Bewertung:

Bernard Steiglers „Dekadenz der industriellen Demokratien“ besticht durch seinen erfrischenden und zum Nachdenken anregenden Stil. Das Buch übt Kritik am Hyper-Industrialismus und ruft zur aktiven Selbstverwirklichung angesichts des Konsumdenkens auf, was auch bei Fans anderer philosophischer Größen gut ankommt. Jedes Kapitel steht für sich und bietet wertvolle Einsichten, die moderne Annahmen in Frage stellen.
Vorteile:Fesselnder und erfrischender Schreibstil, originelle und zum Nachdenken anregende Ideen, relevante Kritik an Hyperindustrialismus und Konsumismus, jedes Kapitel ist ein eigenständiger Essay, der bei Fans namhafter Philosophen Anklang findet.
Nachteile:Könnte für manche Leser aufgrund der komplexen Argumente überwältigend oder verwirrend sein; könnte für diejenigen, die mit dem philosophischen Diskurs nicht vertraut sind, als dicht empfunden werden.
(basierend auf 1 Leserbewertungen)
Decadence of Industrial Democracies
Übersetzt von DANIEL ROSS.
Bernard Stiegler ist einer der originellsten Philosophen, die heute über neue Technologien und ihre Auswirkungen auf das soziale, politische und persönliche Leben schreiben. Unter Rückgriff auf Quellen, die von Platon und Marx bis zu Freud, Heidegger und Derrida reichen, entwickelt er eine höchst originelle Darstellung der Technologie als Grammatologie, als Technik des Schreibens, die unsere Erfahrung von Zeit, Erinnerung und Begehren, ja sogar des Lebens selbst konstituiert. Die Gesellschaft und unser Platz in ihr werden durch technische Reproduktion geformt, die die Horizonte und Möglichkeiten des menschlichen Handelns und Erlebens sowohl erweitern als auch einschränken kann.
In den drei Bänden von Disbelief and Discredit vertritt Stiegler die These, dass dieser Prozess der technischen Reproduktion in gefährlicher Weise von seiner Rolle bei der Konstitution menschlicher Erfahrung abgekoppelt worden ist. Er stellt die optimistische Sichtweise der neuen Technologien als Ermöglicher von Lernen und Fortschritt radikal in Frage und argumentiert, dass neue Marketingtechniken das Denken kurzschließen und die Verbraucher entmündigen, indem sie sie auf kurzfristige Befriedigung programmieren. Diese Praktiken der "libidinösen Ökonomie" haben tiefgreifende Folgen für die Natur des menschlichen Begehrens und sind die Grundlage für das soziale und psychologische Unbehagen der heutigen Industriegesellschaft.

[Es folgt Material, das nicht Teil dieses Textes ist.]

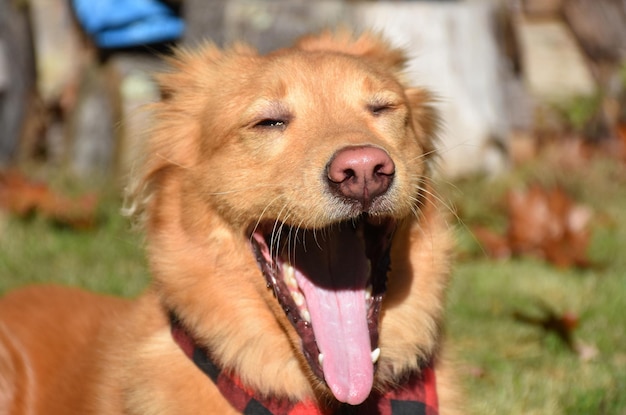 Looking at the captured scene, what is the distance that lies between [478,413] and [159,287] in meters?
1.63

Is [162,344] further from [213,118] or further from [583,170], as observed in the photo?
[583,170]

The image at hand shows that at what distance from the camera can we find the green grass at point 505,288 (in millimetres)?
4254

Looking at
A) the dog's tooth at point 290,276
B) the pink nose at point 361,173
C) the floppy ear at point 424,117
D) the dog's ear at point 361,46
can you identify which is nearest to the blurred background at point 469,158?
the floppy ear at point 424,117

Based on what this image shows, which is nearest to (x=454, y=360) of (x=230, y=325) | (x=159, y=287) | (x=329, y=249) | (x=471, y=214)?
(x=329, y=249)

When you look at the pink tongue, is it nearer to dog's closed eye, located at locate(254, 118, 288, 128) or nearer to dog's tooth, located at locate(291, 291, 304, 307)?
dog's tooth, located at locate(291, 291, 304, 307)

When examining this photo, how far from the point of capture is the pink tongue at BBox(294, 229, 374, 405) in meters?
3.01

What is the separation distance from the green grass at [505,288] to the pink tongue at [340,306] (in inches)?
19.3

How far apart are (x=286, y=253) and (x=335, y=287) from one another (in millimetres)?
229

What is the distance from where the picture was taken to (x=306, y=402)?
10.2 ft

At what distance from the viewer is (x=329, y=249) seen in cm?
338

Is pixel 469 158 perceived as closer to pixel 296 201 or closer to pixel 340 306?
pixel 340 306

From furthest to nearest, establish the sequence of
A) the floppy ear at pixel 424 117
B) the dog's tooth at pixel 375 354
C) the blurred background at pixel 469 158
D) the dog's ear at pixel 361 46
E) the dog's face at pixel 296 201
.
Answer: the blurred background at pixel 469 158 → the dog's ear at pixel 361 46 → the floppy ear at pixel 424 117 → the dog's tooth at pixel 375 354 → the dog's face at pixel 296 201

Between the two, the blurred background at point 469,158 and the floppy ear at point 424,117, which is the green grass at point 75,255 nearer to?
the blurred background at point 469,158

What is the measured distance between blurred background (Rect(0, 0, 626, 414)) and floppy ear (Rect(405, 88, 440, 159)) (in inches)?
17.8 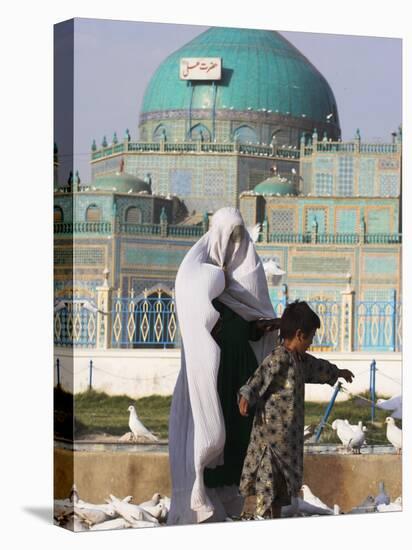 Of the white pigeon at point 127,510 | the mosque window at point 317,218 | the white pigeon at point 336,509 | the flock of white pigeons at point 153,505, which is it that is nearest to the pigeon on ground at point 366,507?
the flock of white pigeons at point 153,505

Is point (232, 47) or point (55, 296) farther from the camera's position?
point (232, 47)

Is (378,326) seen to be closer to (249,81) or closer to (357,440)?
(357,440)

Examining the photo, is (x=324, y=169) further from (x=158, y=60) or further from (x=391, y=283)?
(x=158, y=60)

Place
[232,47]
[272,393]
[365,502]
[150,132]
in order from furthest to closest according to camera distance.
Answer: [232,47], [150,132], [365,502], [272,393]

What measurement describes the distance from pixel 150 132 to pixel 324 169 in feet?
3.79

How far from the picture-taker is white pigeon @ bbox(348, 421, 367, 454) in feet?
26.8

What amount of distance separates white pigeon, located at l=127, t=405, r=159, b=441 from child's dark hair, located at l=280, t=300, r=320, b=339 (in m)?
0.94

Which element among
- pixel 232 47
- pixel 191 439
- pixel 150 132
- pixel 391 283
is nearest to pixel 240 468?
pixel 191 439

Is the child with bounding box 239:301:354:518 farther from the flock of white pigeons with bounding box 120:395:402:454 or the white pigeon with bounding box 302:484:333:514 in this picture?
the flock of white pigeons with bounding box 120:395:402:454

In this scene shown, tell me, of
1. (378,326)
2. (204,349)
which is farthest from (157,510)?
(378,326)

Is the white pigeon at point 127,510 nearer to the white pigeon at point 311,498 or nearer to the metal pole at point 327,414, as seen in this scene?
the white pigeon at point 311,498

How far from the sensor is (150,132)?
28.6ft

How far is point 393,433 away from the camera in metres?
8.27

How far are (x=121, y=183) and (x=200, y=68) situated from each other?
1619mm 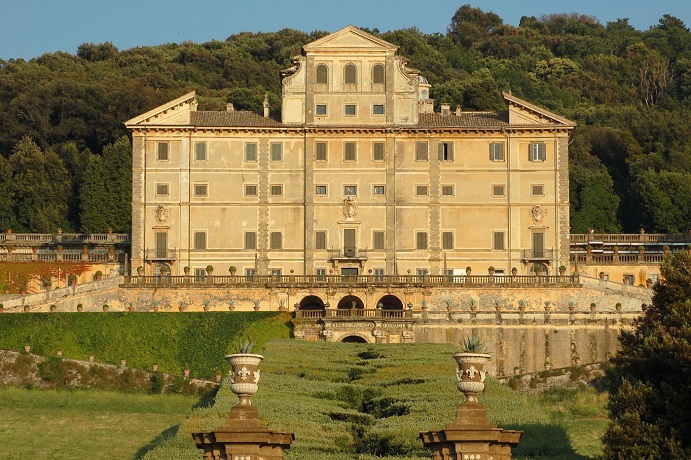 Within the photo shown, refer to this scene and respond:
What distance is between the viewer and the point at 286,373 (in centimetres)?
5334

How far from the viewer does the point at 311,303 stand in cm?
7506

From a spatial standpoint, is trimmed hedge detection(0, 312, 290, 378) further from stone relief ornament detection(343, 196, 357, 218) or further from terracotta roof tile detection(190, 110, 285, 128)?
terracotta roof tile detection(190, 110, 285, 128)

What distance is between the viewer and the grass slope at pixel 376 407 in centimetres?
3900

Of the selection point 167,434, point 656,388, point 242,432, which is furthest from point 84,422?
point 242,432

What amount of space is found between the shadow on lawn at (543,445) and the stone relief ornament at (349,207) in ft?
123

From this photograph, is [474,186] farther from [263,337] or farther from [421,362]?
[421,362]

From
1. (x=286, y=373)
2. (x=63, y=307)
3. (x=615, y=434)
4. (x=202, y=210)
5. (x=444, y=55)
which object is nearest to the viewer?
(x=615, y=434)

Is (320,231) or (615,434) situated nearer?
(615,434)

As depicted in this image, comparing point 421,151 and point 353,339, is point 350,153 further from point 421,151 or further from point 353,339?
point 353,339

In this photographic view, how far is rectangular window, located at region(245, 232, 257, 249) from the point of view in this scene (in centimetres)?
7844

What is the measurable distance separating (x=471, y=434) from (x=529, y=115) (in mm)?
55813

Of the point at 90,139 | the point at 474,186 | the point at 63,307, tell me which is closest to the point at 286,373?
the point at 63,307

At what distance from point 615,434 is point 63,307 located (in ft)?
129

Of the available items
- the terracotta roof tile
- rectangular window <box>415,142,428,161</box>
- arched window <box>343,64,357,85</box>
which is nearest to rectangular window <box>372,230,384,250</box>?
rectangular window <box>415,142,428,161</box> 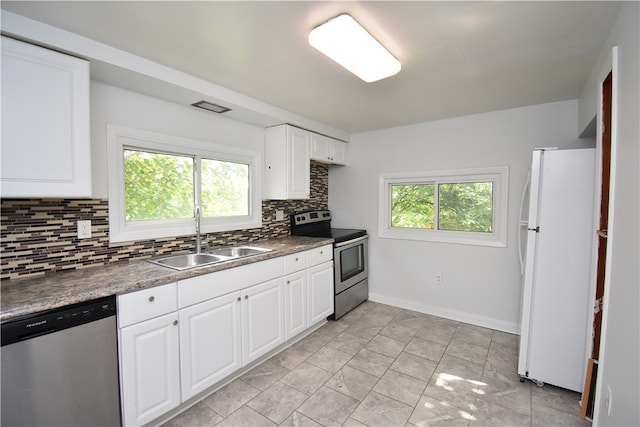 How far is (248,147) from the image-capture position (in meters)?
2.94

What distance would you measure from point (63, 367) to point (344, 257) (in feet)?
8.12

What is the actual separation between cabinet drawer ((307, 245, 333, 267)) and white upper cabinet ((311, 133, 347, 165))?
1072mm

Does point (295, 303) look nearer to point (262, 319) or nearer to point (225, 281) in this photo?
point (262, 319)

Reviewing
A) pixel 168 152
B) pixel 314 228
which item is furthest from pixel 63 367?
pixel 314 228

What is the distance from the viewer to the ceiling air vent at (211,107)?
2324 millimetres

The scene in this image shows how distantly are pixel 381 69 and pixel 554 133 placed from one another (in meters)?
2.00

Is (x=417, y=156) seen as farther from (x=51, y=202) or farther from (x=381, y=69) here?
(x=51, y=202)

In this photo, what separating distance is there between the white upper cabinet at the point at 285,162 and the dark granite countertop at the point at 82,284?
43.6 inches

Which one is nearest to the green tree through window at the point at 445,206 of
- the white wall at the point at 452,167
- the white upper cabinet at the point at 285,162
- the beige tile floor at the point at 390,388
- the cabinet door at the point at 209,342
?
the white wall at the point at 452,167

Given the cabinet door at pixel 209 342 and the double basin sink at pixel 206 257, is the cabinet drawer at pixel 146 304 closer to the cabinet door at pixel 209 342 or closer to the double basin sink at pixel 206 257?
the cabinet door at pixel 209 342

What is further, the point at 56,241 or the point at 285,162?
the point at 285,162

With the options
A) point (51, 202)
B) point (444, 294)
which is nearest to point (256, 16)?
point (51, 202)

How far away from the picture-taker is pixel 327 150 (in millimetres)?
3525

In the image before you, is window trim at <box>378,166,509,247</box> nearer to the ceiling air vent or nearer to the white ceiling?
the white ceiling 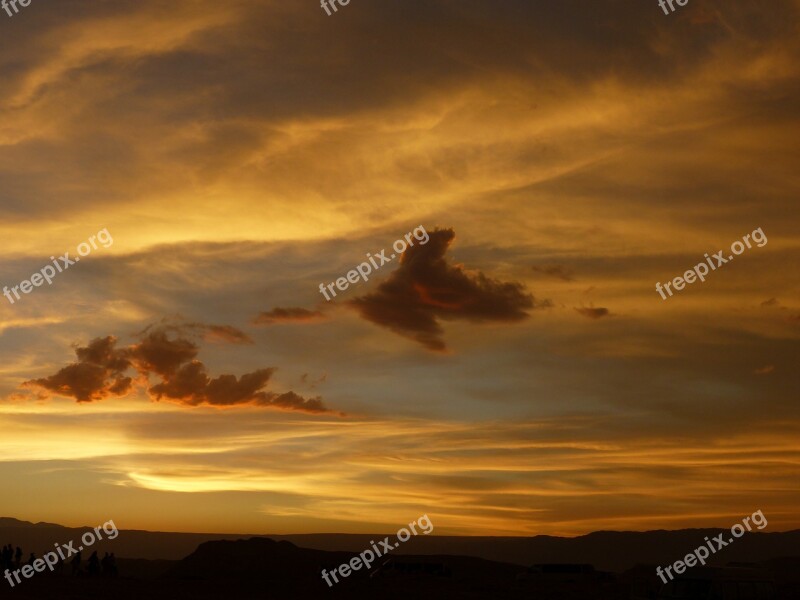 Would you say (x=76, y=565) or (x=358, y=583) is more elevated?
(x=76, y=565)

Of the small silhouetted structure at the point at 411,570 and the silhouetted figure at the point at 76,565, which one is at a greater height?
the silhouetted figure at the point at 76,565

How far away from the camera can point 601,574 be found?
73.5 metres

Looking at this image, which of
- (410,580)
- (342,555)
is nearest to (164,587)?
(410,580)

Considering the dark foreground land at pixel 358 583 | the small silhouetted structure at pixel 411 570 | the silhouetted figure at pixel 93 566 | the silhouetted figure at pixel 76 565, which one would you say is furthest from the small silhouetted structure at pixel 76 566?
the small silhouetted structure at pixel 411 570

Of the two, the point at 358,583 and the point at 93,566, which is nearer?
the point at 93,566

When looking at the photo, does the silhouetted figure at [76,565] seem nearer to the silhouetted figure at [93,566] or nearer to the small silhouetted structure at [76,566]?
the small silhouetted structure at [76,566]

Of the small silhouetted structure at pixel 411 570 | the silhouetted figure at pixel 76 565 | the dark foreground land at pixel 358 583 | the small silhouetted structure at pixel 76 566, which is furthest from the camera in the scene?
the small silhouetted structure at pixel 411 570

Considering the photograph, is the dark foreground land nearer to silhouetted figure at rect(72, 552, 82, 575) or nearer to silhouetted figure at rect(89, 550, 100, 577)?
silhouetted figure at rect(72, 552, 82, 575)

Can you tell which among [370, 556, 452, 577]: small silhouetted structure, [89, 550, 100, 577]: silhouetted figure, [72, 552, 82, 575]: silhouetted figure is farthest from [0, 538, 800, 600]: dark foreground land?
[89, 550, 100, 577]: silhouetted figure

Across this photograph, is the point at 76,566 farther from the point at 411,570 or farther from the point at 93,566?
the point at 411,570

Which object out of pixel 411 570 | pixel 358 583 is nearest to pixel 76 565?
pixel 358 583

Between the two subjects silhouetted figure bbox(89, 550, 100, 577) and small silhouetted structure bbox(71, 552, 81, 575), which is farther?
silhouetted figure bbox(89, 550, 100, 577)

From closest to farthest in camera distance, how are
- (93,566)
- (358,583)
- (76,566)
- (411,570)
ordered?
(76,566), (93,566), (358,583), (411,570)

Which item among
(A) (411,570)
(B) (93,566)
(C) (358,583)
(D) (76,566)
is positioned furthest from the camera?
(A) (411,570) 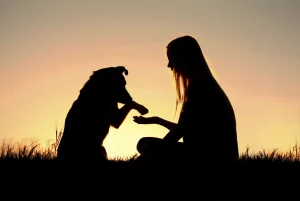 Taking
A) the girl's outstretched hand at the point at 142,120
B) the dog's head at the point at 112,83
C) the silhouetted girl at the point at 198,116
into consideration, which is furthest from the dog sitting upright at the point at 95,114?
the silhouetted girl at the point at 198,116

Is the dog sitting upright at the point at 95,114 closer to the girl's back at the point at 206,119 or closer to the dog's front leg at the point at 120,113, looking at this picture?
the dog's front leg at the point at 120,113

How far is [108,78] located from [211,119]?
9.21ft

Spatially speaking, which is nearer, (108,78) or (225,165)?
(225,165)

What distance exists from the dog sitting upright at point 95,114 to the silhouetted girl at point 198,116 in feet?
5.70

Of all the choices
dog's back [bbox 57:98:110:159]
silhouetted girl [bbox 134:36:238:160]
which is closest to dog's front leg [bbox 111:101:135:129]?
dog's back [bbox 57:98:110:159]

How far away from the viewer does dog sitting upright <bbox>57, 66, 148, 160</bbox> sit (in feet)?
21.6

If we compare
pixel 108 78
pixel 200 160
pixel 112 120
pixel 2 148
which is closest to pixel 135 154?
pixel 112 120

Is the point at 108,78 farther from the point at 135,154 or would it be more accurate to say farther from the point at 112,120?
the point at 135,154

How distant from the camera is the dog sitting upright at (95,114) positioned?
6.57m

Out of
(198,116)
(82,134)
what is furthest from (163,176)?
(82,134)

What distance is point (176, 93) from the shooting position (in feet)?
17.2

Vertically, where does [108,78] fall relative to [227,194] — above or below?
above

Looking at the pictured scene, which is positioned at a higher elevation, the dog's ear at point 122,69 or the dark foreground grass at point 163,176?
the dog's ear at point 122,69

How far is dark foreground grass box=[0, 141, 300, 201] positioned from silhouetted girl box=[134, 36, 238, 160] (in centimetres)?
14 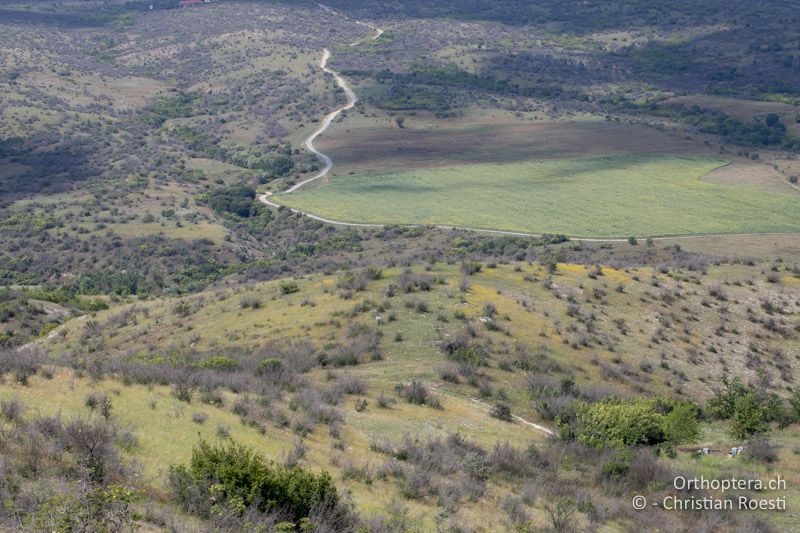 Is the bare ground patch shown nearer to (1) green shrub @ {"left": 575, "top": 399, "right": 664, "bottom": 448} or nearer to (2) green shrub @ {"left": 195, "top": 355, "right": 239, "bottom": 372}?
(2) green shrub @ {"left": 195, "top": 355, "right": 239, "bottom": 372}

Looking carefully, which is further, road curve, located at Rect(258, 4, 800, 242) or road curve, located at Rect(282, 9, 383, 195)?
road curve, located at Rect(282, 9, 383, 195)

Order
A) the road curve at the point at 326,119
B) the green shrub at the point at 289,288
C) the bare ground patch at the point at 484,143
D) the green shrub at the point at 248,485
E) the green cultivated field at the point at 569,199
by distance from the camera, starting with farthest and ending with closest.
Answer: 1. the bare ground patch at the point at 484,143
2. the road curve at the point at 326,119
3. the green cultivated field at the point at 569,199
4. the green shrub at the point at 289,288
5. the green shrub at the point at 248,485

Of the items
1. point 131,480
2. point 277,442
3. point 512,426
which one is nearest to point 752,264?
point 512,426

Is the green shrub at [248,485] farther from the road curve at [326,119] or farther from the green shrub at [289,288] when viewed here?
the road curve at [326,119]

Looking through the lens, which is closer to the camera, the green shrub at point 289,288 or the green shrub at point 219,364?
the green shrub at point 219,364

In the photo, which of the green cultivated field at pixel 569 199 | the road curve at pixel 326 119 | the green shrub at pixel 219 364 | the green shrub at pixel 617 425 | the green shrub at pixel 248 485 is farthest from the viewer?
the road curve at pixel 326 119

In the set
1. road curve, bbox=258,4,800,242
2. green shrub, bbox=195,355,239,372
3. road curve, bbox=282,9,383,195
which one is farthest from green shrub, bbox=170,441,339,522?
road curve, bbox=282,9,383,195

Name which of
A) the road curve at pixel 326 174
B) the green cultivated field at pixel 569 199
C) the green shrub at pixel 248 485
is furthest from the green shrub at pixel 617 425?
the green cultivated field at pixel 569 199

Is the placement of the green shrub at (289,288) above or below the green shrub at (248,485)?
below

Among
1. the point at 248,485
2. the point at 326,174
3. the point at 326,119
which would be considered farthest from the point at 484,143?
the point at 248,485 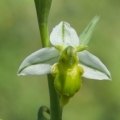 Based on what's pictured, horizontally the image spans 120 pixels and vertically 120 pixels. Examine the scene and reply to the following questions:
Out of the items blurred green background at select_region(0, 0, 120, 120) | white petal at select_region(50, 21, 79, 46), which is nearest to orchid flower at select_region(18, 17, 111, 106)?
white petal at select_region(50, 21, 79, 46)

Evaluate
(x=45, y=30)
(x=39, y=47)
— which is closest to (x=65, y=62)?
(x=45, y=30)

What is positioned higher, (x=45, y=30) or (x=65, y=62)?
(x=45, y=30)

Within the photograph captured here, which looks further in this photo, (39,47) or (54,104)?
(39,47)

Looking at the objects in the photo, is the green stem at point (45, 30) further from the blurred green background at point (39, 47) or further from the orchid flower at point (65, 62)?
the blurred green background at point (39, 47)

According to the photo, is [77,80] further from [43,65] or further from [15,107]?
[15,107]

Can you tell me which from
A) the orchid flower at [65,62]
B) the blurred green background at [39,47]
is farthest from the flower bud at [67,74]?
the blurred green background at [39,47]

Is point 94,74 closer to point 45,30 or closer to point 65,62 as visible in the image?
point 65,62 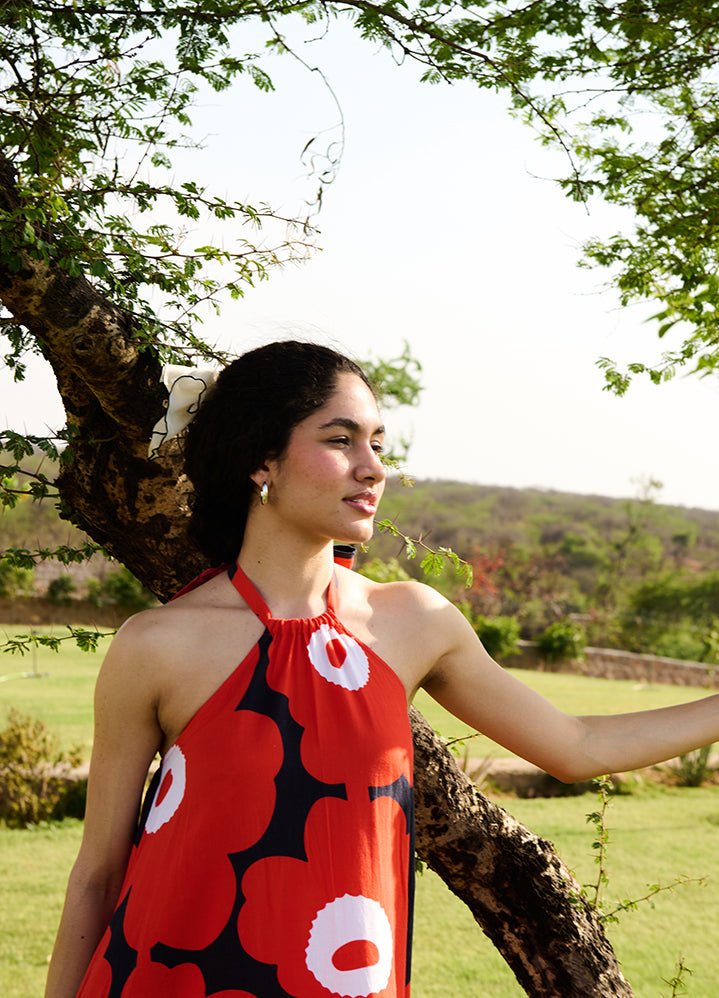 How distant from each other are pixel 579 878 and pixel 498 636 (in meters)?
8.75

In diesem Eröffnungsband argumentiert Stiegler, dass das seit Beginn des 20. Jahrhunderts umgesetzte Industriemodell veraltet ist und die kapitalistischen Demokratien in eine Sackgasse geführt hat. Ein Zeichen dieser Sackgasse und der Dekadenz, in die sie führt, ist die Banalisierung der Verbraucher, die in einen ewigen Konsumzyklus verstrickt sind. Dies ist die neue Proletarisierung des technologisch durchdrungenen, hyperindustriellen Kapitalismus von heute. Er bringt eine Gesellschaft hervor, die von ihrer Vergangenheit und ihrer Zukunft abgeschnitten ist, die die menschliche Entwicklung lähmt und die Demokratie in eine Farce verwandelt, die unweigerlich zu Unglauben und Diskreditierung führt.